さらに、データベース レプリカで優先度の高いジョブを実行すると、タイムラグが発生していました。繰り返し発生する問題を修正してデバッグするためだけに、スプリントで多くの時間を費やしていました。積極的な製品開発の目標を達成するには、より適切に設計された、柔軟性の高いソリューションを見つけるために迅速に行動する必要がありました。

スピードとスケーリングを実現するクラウドの選択

スケーラビリティと容量の問題を抱える中、クラウド サービスに目を向け、マネージド サービスが必要だと認識するようになりました。まず、データストアで使用するソリューションとして BigQuery を採用しました。6 か月以上経過したクール ストレージでは、BigQuery からデータを読み取るようにして、ホット データストアに保存する量を減らしました。

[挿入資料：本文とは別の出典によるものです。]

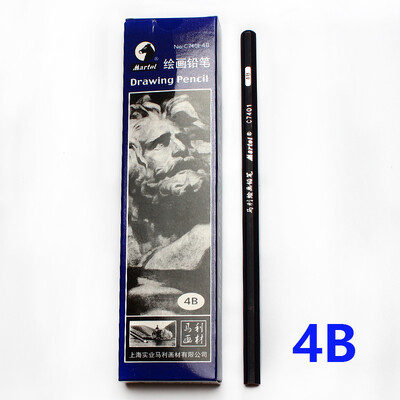 „Maries Art“ pieštukų rinkinys „Non Toxic Artist“ anglies eskizų pieštukas Medinis pieštukas, skirtas piešti eskizą „Avatar“ mokyklos reikmenys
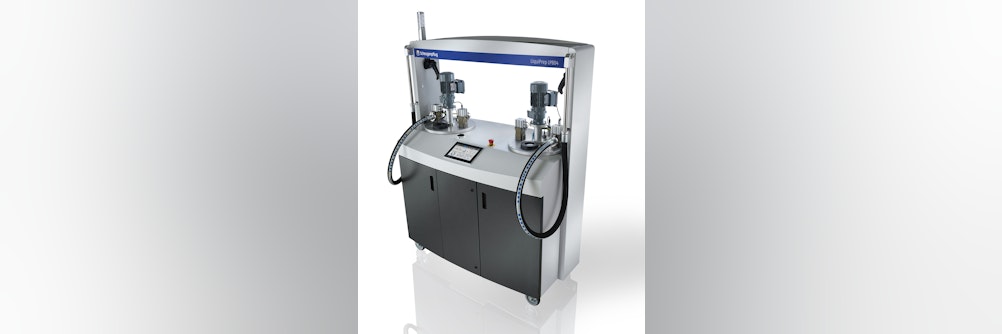 Neue LiquiPrep Materialaufbereitungs- und Fördereinheit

ただし、クエリ単位の課金モデルは当社の開発データベースには適さなかったため、Google Cloud のデータベース サービスを検討しました。まず、データベースで実行するデータのアクセス パターンを把握することから始め、リレーショナルである必要はないことに気づきました。データには定義されたスキーマはありませんでしたが、低レイテンシと高スケーラビリティが必要でした。また、この新しいソリューションに移行するデータが数十テラバイトありました。そして、水平方向のスケーラビリティ、読み取り速度容量の拡張、スケーリングを阻止するディスクではなく必要なだけスケーリングできるディスクといったニーズを満たすには、Cloud Bigtable が最良のオプションであることがわかりました。こうして可能な限り多くの SmartThermostat にスケーリングして、そのデータをすべて処理できるようになりました。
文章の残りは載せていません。